## WHAT IS REQUIRED:
The line that contains "Los reinos de" marks the end: retype the data below exactly from its first line through that line.

Collection entries
►

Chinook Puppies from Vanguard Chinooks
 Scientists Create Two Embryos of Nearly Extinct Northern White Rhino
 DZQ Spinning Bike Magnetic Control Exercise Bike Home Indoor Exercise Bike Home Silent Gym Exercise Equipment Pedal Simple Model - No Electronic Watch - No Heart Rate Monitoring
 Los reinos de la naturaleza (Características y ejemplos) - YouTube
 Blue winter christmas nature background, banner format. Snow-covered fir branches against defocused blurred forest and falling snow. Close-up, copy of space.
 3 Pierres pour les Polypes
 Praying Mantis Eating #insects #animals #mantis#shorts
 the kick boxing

◄

## RESPONSE TO THE EXERCISE:
Chinook Puppies from Vanguard Chinooks
 Scientists Create Two Embryos of Nearly Extinct Northern White Rhino
 DZQ Spinning Bike Magnetic Control Exercise Bike Home Indoor Exercise Bike Home Silent Gym Exercise Equipment Pedal Simple Model - No Electronic Watch - No Heart Rate Monitoring
 Los reinos de la naturaleza (Características y ejemplos) - YouTube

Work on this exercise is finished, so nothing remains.